Biden celebrates chipmaker Micron’s $15 billion investment in Idaho
President Biden on Thursday hailed plans for Micron, an Idaho-based semiconductor chip manufacturer, to invest $15 billion to build a new facility in Boise after the passage of bipartisan legislation earlier this month.
“Today’s announcement by Micron is another big win for America,” Biden said, referencing recent U.S. investments announced by Toyota, Honda and Corning.
“In our future, we will make [electric vehicles], chips, fiber optics, and other critical components here in America, and we will have an economy built from the bottom up and middle out,” Biden said.
Micron on Thursday morning announced a roughly $15 billion investment through 2030 to build a memory manufacturing plant in Boise, where the company is headquartered.
“This will be the first new memory manufacturing fab built in the U.S. in 20 years, ensuring domestic supply of leading-edge memory required for market segments like automotive and data center, fueled by accelerating adoption of artificial intelligence and 5G,” the company said in a statement.
Micron said the Boise factory would be the first of multiple planned investments after the passage of the CHIPS and Science Act, which passed with bipartisan support and includes more than $50 billion in incentives for manufacturers to build domestic semiconductor plants.

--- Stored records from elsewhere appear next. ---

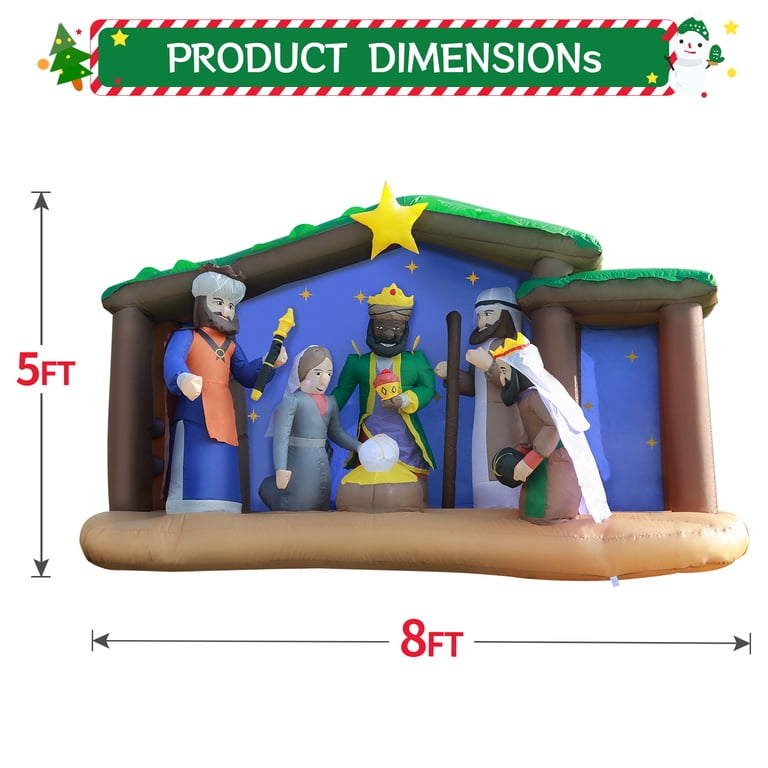8 FT Christmas Nativity Inflatable - LED Light-Up Outdoor Yard Decoration, Blow-Up Scene With Mary, Joseph & Wise Men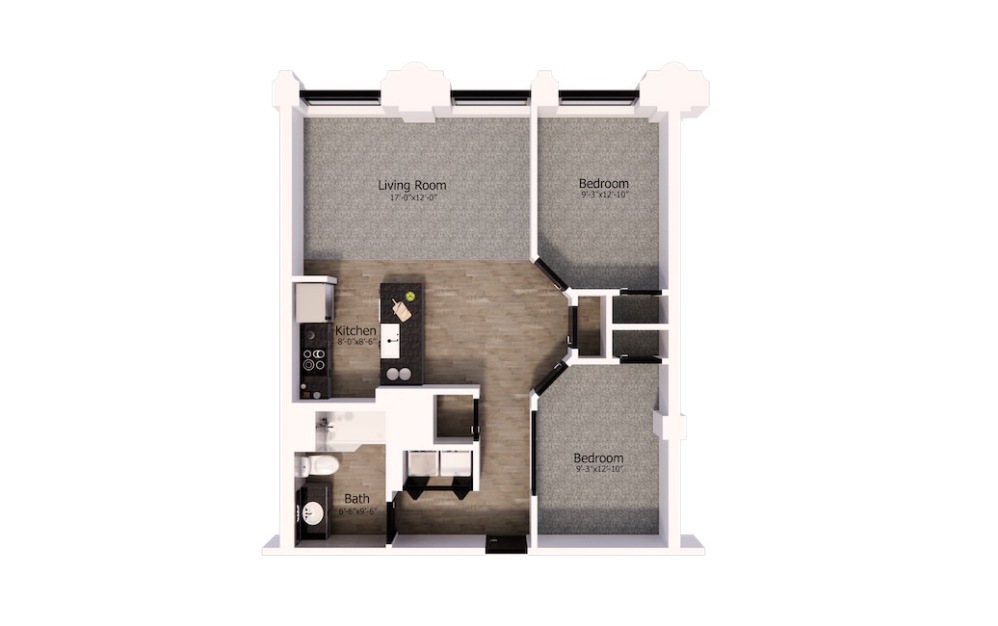 459 - 2 bedroom floorplan layout with 1 bathroom and 865 square feet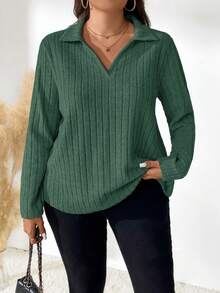 EMERY ROSE Plus Size Solid Color Ribbed Collar Long Sleeve T-Shirt, Casual Autumn Fall - Green - View 4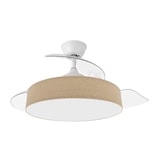 thumbnail of Ventilador de Techo Retráctil Fabrilamp Boga Blanco/Beis Ø108cm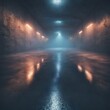 © 효민 이 - Dark street, wet asphalt, reflections of rays in the water. Abstract dark blue background, smoke, smog. Empty dark scene, neon light, spotlights. Concrete floor - Generative AI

It also includes more than $80 billion for the National Science Foundation authorized over five years to support innovation and research.
Biden administration officials had for months warned of supply chain and national security risks if Congress did not invest in domestic manufacturing of chips that are used to power computers, cars and major home appliances, arguing the U.S. would become too reliant on China and others for the semiconductors.